Task instructions =
With the pictures left out, restate exactly the part below that opens with the line containing "We're just about" and closes with the line containing "I've been using".

----- Record excerpts

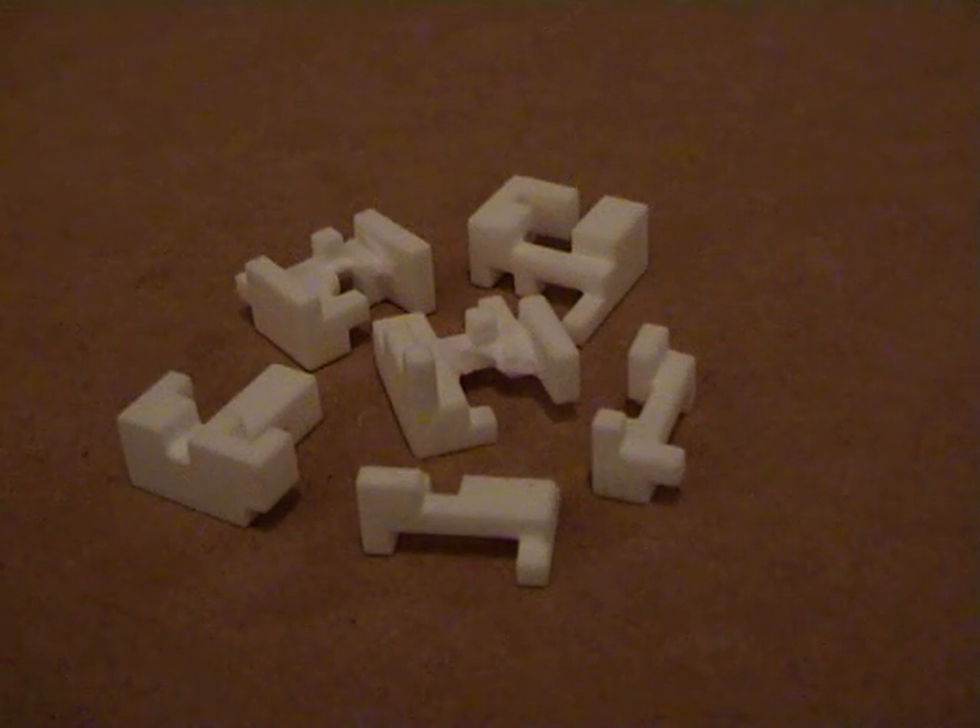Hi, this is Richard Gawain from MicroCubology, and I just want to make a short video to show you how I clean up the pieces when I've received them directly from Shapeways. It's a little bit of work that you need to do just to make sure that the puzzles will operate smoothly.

----------
----- Record excerpts

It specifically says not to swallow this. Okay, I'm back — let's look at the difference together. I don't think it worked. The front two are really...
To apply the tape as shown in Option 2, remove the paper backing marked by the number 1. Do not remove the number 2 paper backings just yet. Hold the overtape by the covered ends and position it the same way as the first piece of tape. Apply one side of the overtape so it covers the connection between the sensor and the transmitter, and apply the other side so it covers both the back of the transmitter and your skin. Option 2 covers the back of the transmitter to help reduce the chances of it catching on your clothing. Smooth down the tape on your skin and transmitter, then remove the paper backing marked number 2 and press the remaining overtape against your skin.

----------
----- Record excerpts

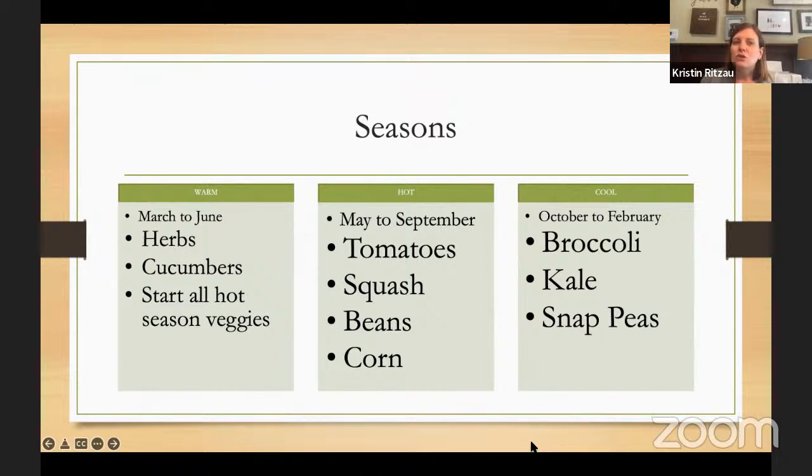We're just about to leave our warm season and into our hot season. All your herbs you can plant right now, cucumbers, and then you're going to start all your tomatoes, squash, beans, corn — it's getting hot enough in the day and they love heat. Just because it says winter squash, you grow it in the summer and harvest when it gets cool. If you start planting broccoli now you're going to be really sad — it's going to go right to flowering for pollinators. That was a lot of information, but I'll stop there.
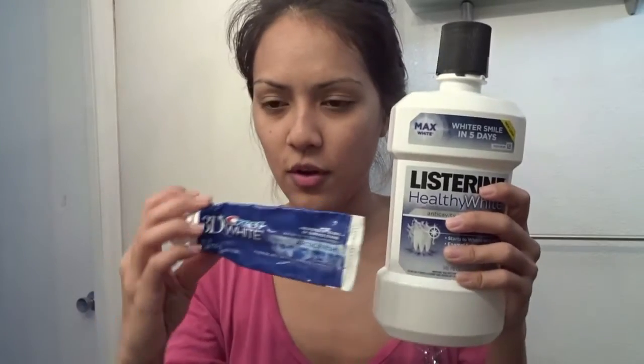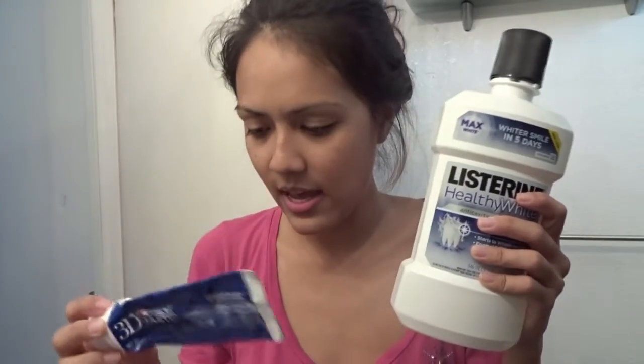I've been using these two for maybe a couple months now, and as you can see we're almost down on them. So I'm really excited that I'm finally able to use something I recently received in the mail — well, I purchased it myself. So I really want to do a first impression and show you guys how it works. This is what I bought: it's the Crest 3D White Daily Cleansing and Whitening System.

----------

Output below =
We're just about to leave our warm season and into our hot season. All your herbs you can plant right now, cucumbers, and then you're going to start all your tomatoes, squash, beans, corn — it's getting hot enough in the day and they love heat. Just because it says winter squash, you grow it in the summer and harvest when it gets cool. If you start planting broccoli now you're going to be really sad — it's going to go right to flowering for pollinators. That was a lot of information, but I'll stop there.
I've been using these two for maybe a couple months now, and as you can see we're almost down on them. So I'm really excited that I'm finally able to use something I recently received in the mail — well, I purchased it myself. So I really want to do a first impression and show you guys how it works. This is what I bought: it's the Crest 3D White Daily Cleansing and Whitening System.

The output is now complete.